After the meeting there is some running around, a visit
to the crypt where his dad is stashed away and then the perfunctory
magical duel at the end of the book in which Kelson vanquishes Charissa
even though he hadn’t had so much as a minute’s worth of magical training.
(We were hoping for at least one “your eyes can deceive you; don't trust
them” training sequence.) The point is not much really happens, there is a
lot of talk and even though Deryni Rising is well-written and never
bores outright, one cannot help but wonder whether there is enough
substance to fill up the 90 minutes or so running time of a standard
feature film without it feeling anticlimactic and predictable. (At times
the book feels like it should have been a stage play instead.)
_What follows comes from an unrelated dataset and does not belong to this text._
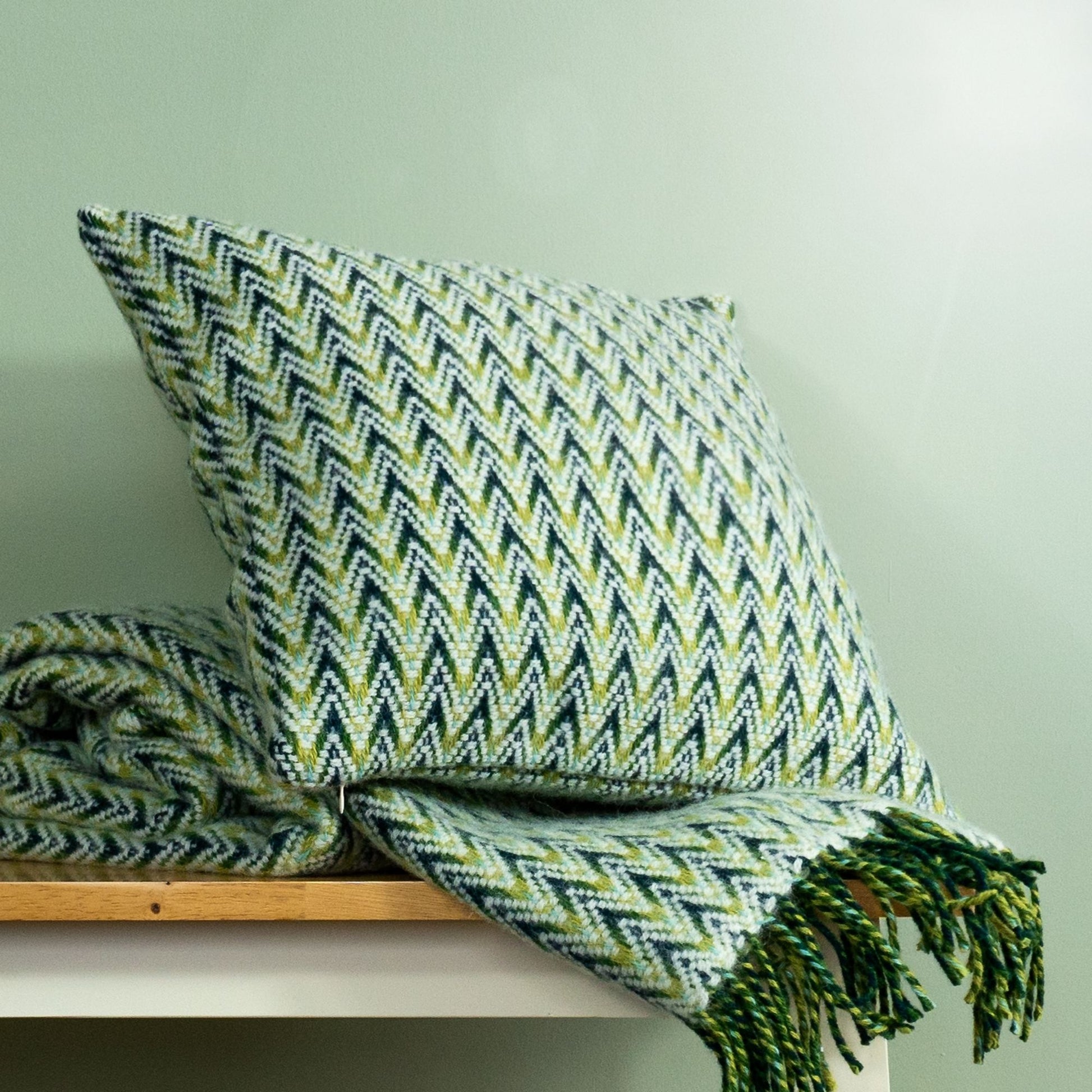 The Shady Wave Wool Cushion Cover in colour Green is a chevron mix of white and teals, shown with the matching throw blanket.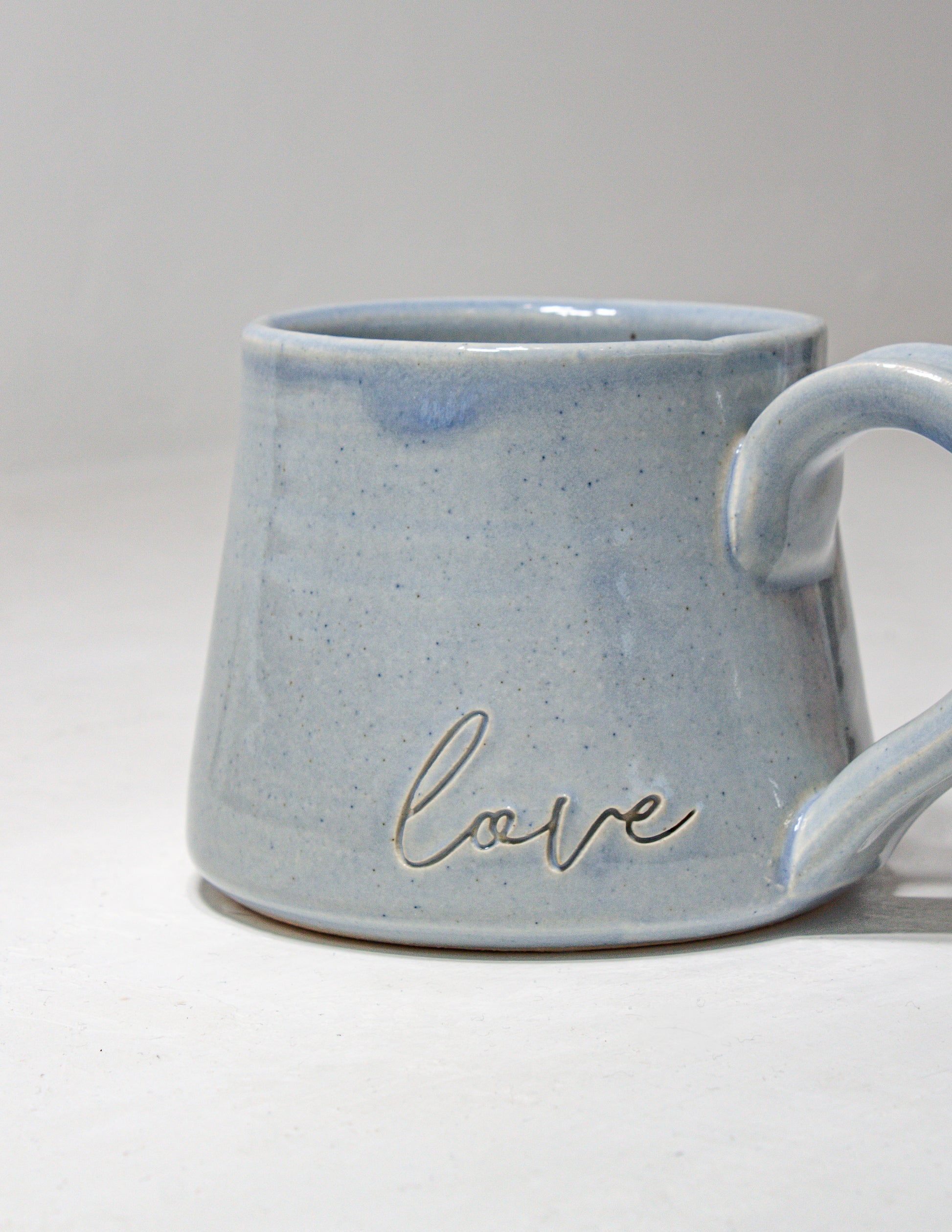 handmade ceramic mug with an inscription of love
Weirdly enough you’d expect most of the novel’s focus
to be on the young prince, but instead it is on Morgan and his sidekick
Duncan. It is another hurdle to be overcome in any screenplay: for kids in
the audience to root for him Kelson has to do more than merely outtalking
old geezers in a meeting and beating the villainess in a sequence right
out of a Doctor Strange comic. (By the
way, if you were expecting more exotic character names like, er, Count
Dooku or something – forget it. Other characters include Agnes, Colin,
Nigel and Ian . . .)
Deryni Rising is the first of several Deryni
novels Kurtz wrote. Others include: High Deryni, King Kelson’s
Bride, In the King’s Service and Childe Morgan. No doubt
Columbia would want to turn them into movies as well if the first movie
makes some money at the box office. But don’t count on it: it seems that
the fad for Fantasy flicks is truly dead and except for the upcoming
Hobbit movie and the outstanding Harry Potter
adaptations, there is probably little box office fortune awaiting the
genre, which is why Disney pulled out of the troubled third Narnia
movie Voyage of the Dawn Treader . . .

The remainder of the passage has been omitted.